REQUIRED ACTION:
Every line with the string "Double" should be copied from the data.

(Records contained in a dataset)

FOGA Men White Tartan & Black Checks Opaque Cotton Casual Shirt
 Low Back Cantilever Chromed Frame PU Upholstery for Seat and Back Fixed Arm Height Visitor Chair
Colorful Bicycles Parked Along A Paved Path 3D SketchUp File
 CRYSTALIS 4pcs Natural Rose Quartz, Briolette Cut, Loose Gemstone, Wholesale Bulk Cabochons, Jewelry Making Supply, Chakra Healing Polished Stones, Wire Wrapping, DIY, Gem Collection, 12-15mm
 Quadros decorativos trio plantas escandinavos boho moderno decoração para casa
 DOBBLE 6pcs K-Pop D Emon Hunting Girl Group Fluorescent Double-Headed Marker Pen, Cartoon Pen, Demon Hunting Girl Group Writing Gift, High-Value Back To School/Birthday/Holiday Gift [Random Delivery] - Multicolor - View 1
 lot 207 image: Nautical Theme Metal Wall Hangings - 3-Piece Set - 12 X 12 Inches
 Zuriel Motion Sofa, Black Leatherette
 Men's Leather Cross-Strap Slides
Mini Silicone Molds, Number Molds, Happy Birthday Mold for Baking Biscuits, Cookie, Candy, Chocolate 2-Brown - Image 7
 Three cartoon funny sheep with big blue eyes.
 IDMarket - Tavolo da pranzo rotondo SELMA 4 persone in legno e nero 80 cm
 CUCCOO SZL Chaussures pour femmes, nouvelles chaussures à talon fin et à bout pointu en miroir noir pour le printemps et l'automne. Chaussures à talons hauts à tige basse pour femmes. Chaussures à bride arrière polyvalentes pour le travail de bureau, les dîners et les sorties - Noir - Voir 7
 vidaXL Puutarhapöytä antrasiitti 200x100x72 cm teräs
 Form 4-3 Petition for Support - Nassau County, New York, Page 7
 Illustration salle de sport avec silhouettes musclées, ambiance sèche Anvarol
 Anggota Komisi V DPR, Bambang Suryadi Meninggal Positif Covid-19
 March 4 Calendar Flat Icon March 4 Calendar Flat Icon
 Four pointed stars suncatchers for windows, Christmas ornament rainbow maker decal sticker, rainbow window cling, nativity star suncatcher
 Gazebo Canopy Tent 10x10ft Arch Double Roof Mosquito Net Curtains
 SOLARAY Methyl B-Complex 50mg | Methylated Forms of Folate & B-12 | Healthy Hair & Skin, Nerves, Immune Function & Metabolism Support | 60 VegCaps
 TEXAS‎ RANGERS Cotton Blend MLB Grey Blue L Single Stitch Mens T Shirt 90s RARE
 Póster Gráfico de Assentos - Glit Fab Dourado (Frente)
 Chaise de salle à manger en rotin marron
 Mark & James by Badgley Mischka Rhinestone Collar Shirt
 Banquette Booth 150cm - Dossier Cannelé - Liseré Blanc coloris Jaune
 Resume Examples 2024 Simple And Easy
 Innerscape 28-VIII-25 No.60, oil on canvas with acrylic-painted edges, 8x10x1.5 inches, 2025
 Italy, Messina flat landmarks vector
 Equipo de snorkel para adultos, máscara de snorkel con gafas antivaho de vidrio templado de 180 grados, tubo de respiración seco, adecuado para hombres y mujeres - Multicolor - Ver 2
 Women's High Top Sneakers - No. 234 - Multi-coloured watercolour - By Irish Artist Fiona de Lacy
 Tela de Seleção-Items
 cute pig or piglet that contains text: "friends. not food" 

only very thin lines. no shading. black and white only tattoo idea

ANSWER TO THE EXERCISE:
 DOBBLE 6pcs K-Pop D Emon Hunting Girl Group Fluorescent Double-Headed Marker Pen, Cartoon Pen, Demon Hunting Girl Group Writing Gift, High-Value Back To School/Birthday/Holiday Gift [Random Delivery] - Multicolor - View 1
 Gazebo Canopy Tent 10x10ft Arch Double Roof Mosquito Net Curtains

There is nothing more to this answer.